I’ve been a fan of the Baltimore Consort since their first release in 1990. They consistently deliver excellent performances that balance historical accuracy with honest emotion.
The Food of Love is a collection of music most likely heard in the original productions of Shakespeare’s plays. It’s a mix of music referred to by the play or incidental music referenced by stage instructions.
The program groups the selections together by plays. The liner notes carefully document the connection between each selection and the play.
Several of these selections will be familiar to fans of early music. John Dowland, “King of Denmark’s Galliard” and “Tarleton’s Jig” appear in “Hamlet.” Thomas Morley’s “O Mystress Mine” is here, as well as selections from Thomas Playford’s “English Dancing Master.”
There are even two settings of “Greensleeves.” Also included are music by Anthony Holborne, Robert Johnson, and several anonymous composers.
As always, the Baltimore Consort varies its sound from track to track.

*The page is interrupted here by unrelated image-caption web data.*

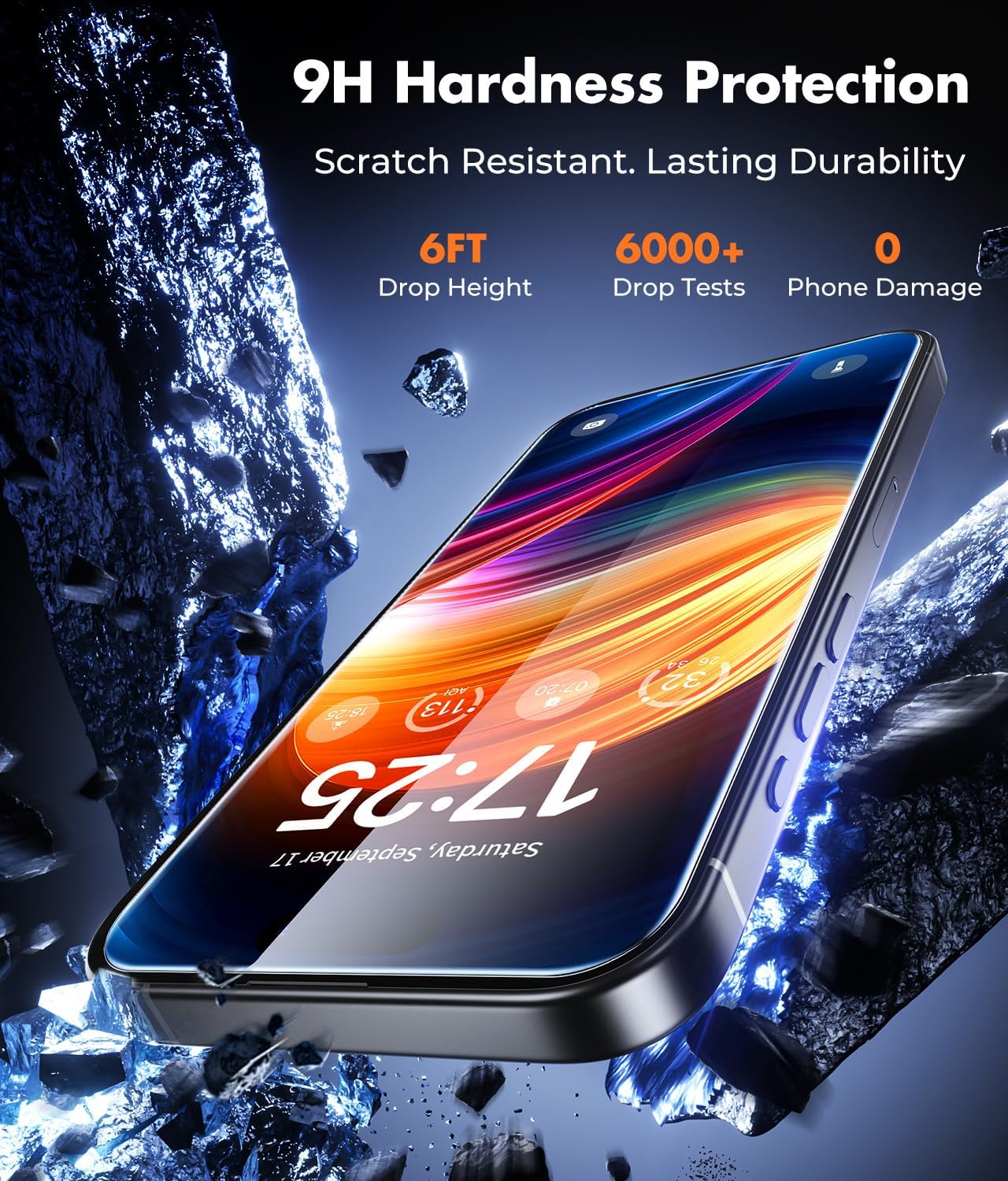 Thumbnail 1 de UNBREAKcable 2-Pack Screen Protectors for iPhone 15/16 — 9H+ Tempered Glass with Easy Install Frame
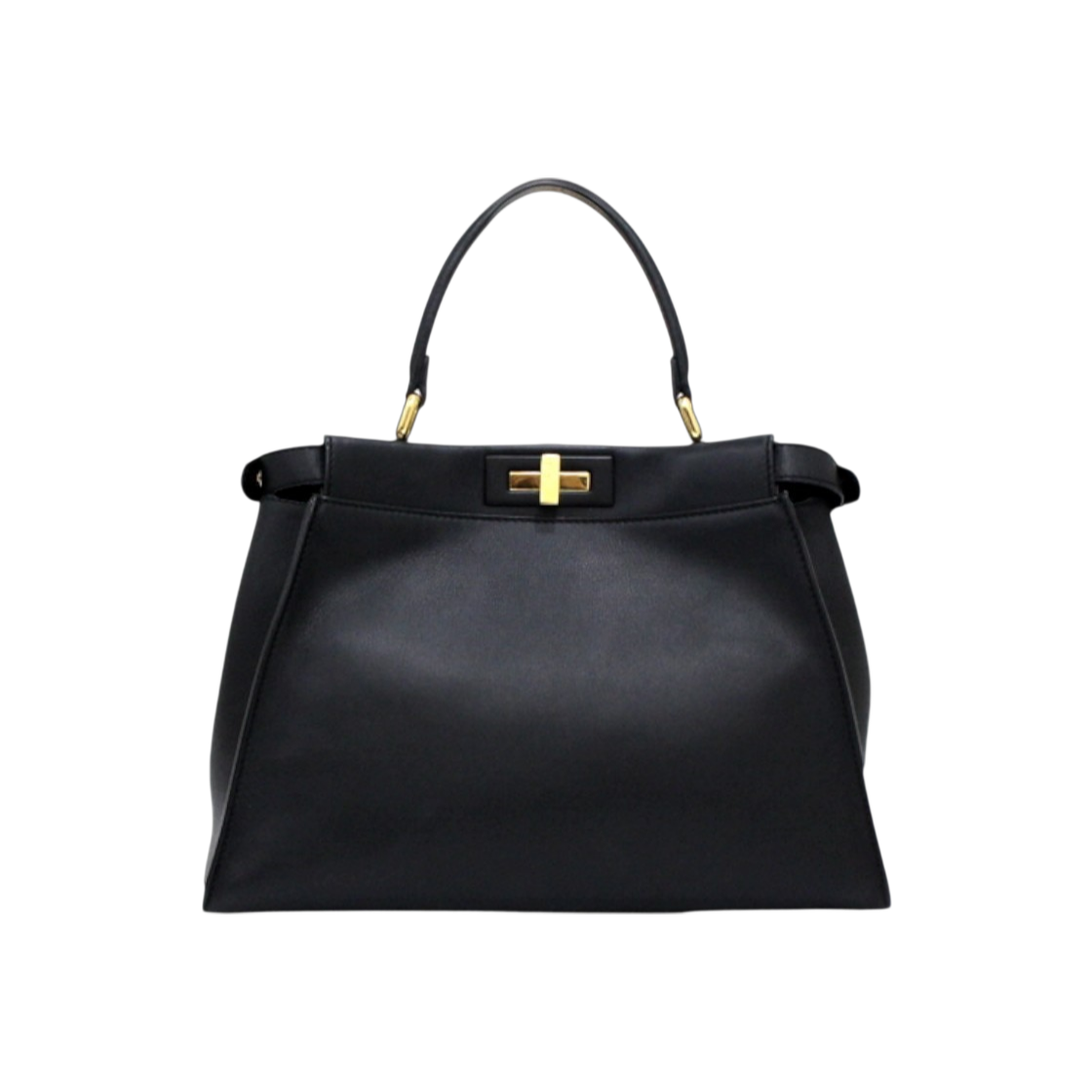 ITG24IEMJ26Q Fendi Black Leather Peekaboo Regular (Medium) Tote & Shoulder Bag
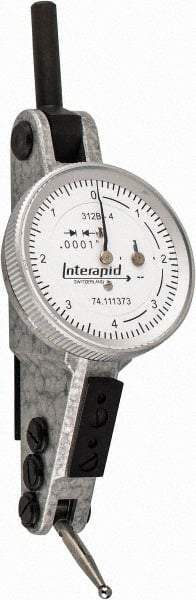 INTERAPID - 0.016 Inch Range, 0.0001 Inch Dial Graduation, Horizontal Dial Test Indicator - 1.2 Inch White Dial, 0-4-0 Dial Reading - Eagle Tool & Supply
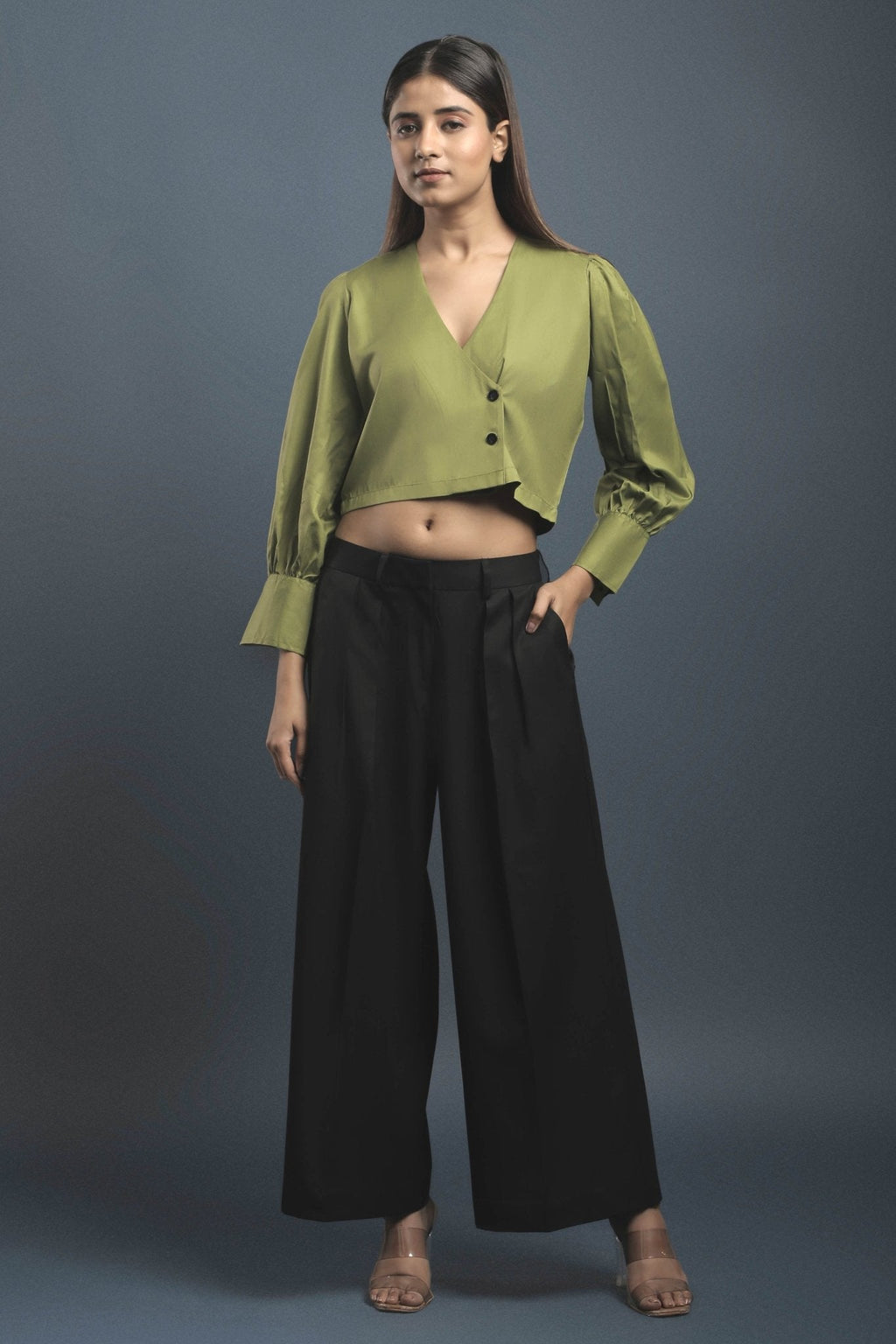 Green Overlapped Shirt - Dheeraj Sharma
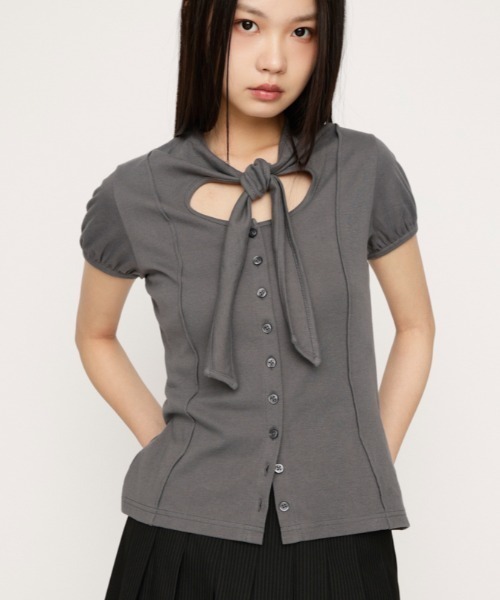 SLY（スライ） tシャツ 半袖 FRONT BUTTON TIE TOPS フロントボタン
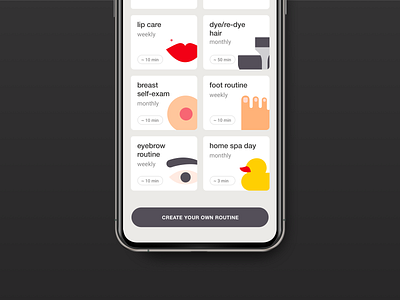 Basic Beauty - Routine Planner iOS app app beauty care cosmetic facial illustrations ios mobile planner routine skin skincare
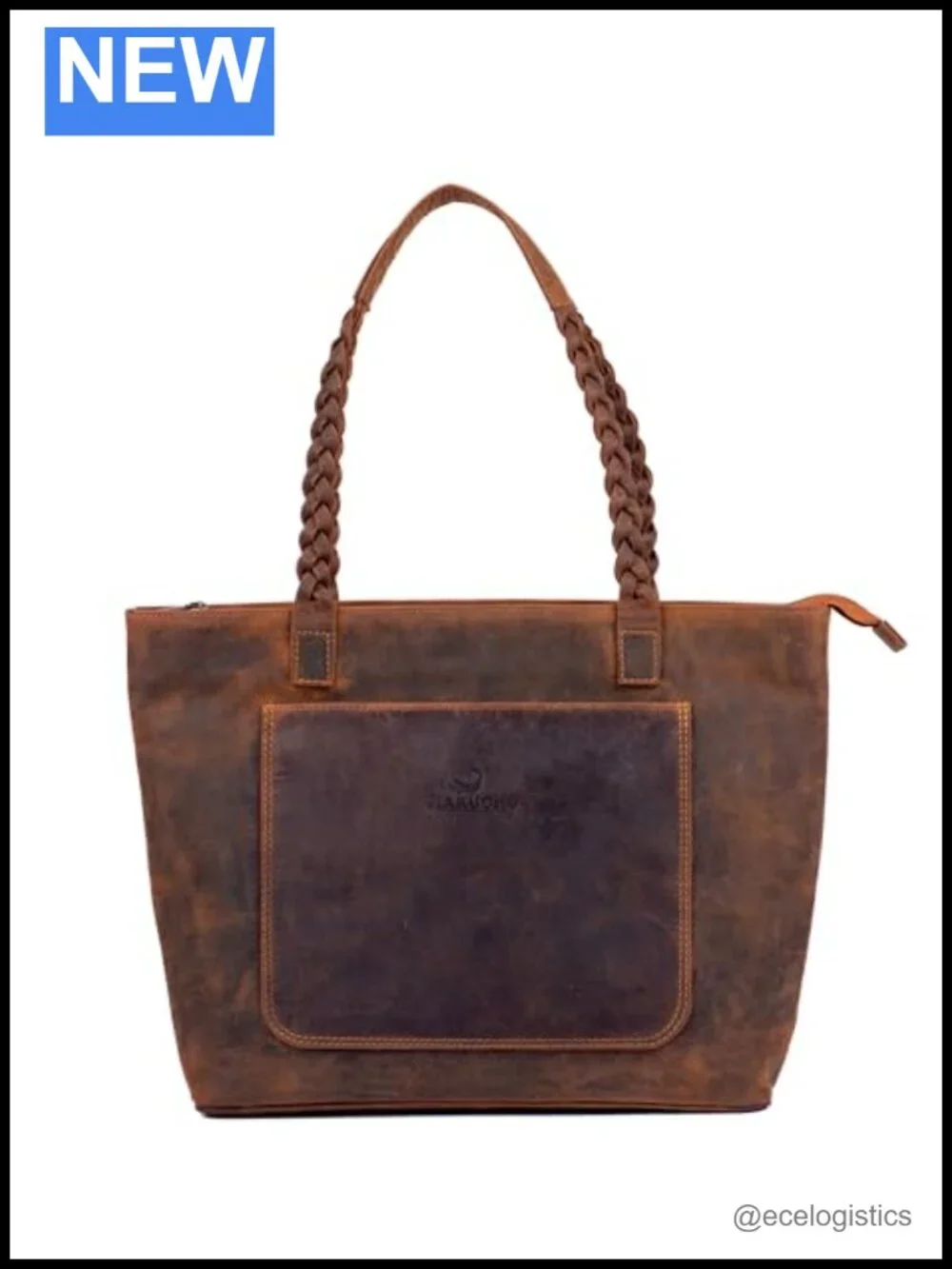 Full Grain Leather Tote Bag for Women Spacious Work Travel Handbag Secure Zip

As needed, the group forms duets, trios, quartets, and so on.
Soprano Danielle Svonavec also modifies her singing to fit the music’s context. Her pure, silvery tones sometimes acquire a little grit.
If you’re a fan of the Baltimore Consort (or any of its members), you’ll want to add this to your collection. If you’re not familiar with this remarkable group — or early music in general — The Food of Love provides an excellent introduction. Dig in.